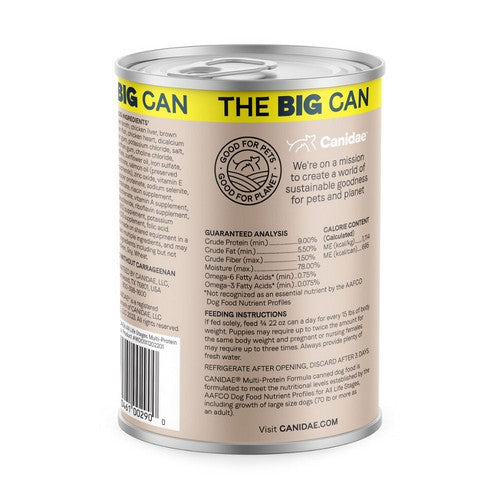 Canidae, All Life Stages Multi Protein Canned Dog Food, 22 Oz, Chicken, Lamb And Fish / Case Of 12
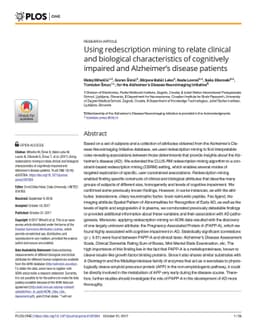 Using Redescription Mining to Relate Clinical and Biological
  Characteristics of Cognitively Impaired and Alzheimer's Disease Patients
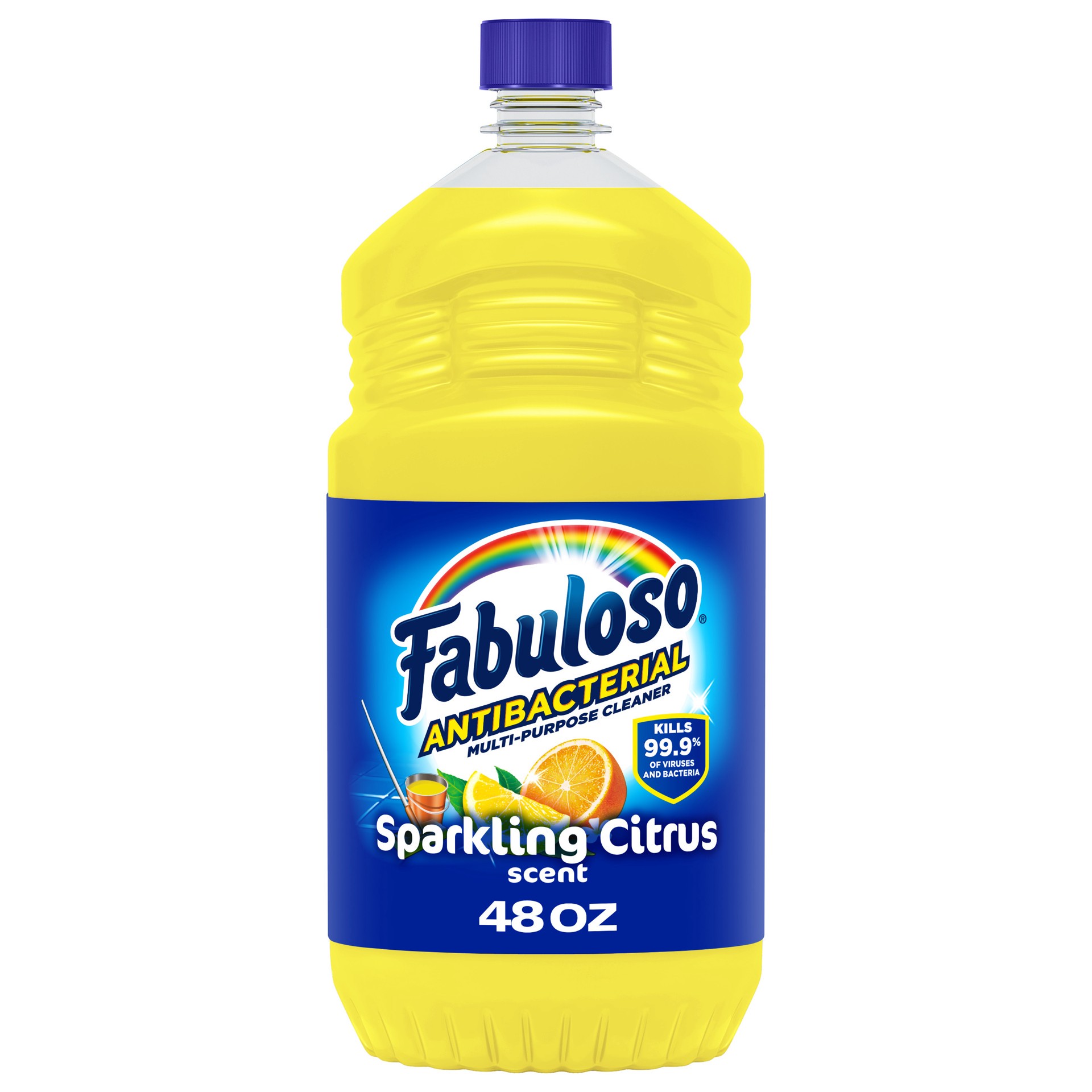 slide 1 of 7, Fabuloso Antibacterial  Sparkling Citrus, 48 fl oz
, 48 fl oz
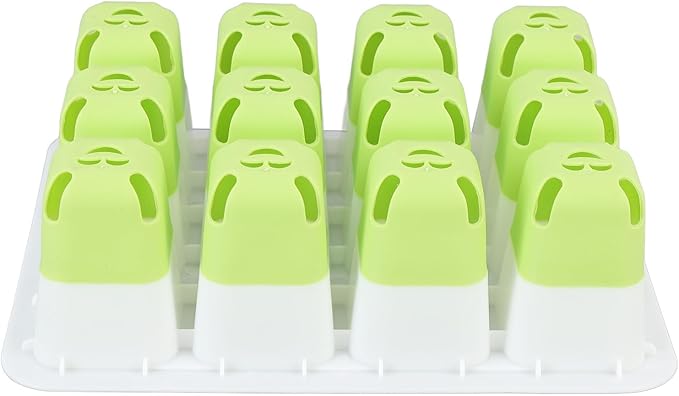 Yosoo Health Gear Plant Starting Tray 5 Packs Silicone Seed Starter Tray, Reusable Out Cells Indoor Plant Germination Tray for Vegetables Fruits Flowers, Flexible Plant Tray with Humidity Dome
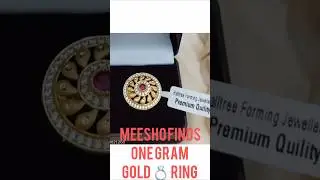 gold plated one gram gold ring 💍/#ytshorts #meesho #shorts #viral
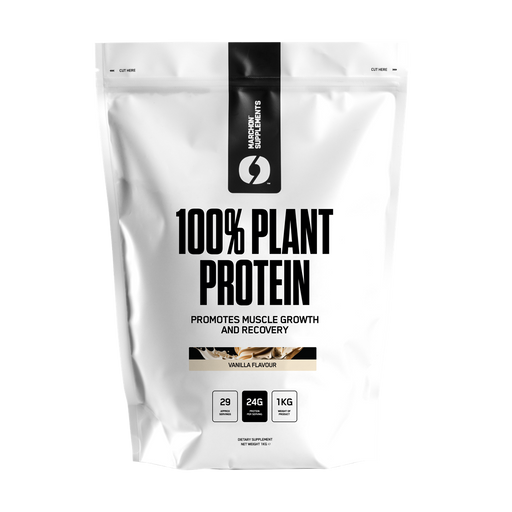 Marchon Supplement 100% Plant Protein 1kg Vanilla - Sports Nutrition at MySupplementShop by Marchon Supplement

---+---

• What the exercise asks
Reproduce only the lines from the beginning of the data through the line that contains "Characteristics of Cognitively", both included, and please drop the pictures.

• Answer box
 Canidae, All Life Stages Multi Protein Canned Dog Food, 22 Oz, Chicken, Lamb And Fish / Case Of 12
 Using Redescription Mining to Relate Clinical and Biological
  Characteristics of Cognitively Impaired and Alzheimer's Disease Patients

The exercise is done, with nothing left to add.